The point I was making wasn't that errors were necessarily bad, if they
could detect something useful, but that the error wasn't detecting
anything particularly useful as there was an intrinsic race, and was
thereby claiming by incorrect guesswork that the PID wasn't a child of
the shell (and trying to claim that's OK because it no longer is is the
sort of argument that will annoy users, who want things to work without
long justifications).  It's incorrect no matter how long it's been
there.

In any case I don't think using wait in this fashion is useful
interactively.  It's replaced by job control.  If you turn off job
control to rely on a system designed for scripts that therefore has no
notifications you are shooting yourself in the foot.  If you use the
scripting-style mechanism you accept the consequences.
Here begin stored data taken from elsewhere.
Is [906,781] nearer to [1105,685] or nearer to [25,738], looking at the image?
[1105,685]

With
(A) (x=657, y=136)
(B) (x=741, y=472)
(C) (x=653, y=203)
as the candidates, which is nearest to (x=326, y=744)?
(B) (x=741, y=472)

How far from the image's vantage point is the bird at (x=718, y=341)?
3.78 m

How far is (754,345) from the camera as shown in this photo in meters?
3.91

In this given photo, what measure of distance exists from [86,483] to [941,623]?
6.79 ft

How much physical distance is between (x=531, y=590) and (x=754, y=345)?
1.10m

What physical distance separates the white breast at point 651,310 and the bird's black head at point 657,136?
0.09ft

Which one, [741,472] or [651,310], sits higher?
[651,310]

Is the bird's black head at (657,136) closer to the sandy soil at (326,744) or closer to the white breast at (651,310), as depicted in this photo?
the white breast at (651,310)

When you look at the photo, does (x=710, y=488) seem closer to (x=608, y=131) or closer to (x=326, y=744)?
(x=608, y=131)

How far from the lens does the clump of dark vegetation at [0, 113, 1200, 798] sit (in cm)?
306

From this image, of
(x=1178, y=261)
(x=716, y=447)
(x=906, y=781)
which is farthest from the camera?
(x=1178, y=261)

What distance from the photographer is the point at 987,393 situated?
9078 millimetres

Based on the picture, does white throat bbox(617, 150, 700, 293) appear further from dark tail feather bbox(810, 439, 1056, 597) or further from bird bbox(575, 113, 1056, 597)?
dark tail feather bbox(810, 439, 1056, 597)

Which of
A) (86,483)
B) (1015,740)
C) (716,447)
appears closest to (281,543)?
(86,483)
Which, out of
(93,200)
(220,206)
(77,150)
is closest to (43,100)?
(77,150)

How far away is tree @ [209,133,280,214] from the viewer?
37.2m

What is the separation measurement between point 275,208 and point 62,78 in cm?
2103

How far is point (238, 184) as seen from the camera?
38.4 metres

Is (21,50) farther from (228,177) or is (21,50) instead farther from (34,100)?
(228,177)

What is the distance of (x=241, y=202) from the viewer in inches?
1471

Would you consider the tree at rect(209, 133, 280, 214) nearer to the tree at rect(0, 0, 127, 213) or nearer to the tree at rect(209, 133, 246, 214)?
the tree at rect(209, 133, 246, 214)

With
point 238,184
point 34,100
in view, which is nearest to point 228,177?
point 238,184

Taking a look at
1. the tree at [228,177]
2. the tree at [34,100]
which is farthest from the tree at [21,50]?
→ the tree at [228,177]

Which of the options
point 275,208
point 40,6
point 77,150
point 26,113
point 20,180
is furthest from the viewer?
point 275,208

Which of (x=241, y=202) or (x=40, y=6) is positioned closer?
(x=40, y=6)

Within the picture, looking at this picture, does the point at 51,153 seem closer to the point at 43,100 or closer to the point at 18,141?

(Not sure it's even worth arguing about, but it's Saturday and I'm no
longer on git duty...)

Here's an implementation.  I've given it the obvious finger test, but
there may be some more stressful tests we could apply.  Note I'm only
recording background PIDs, since the user can't explicitly wait for
foreground PIDs; it's possible I've missed a case where something can
be in the background but that would suggest the job is wrongly recorded.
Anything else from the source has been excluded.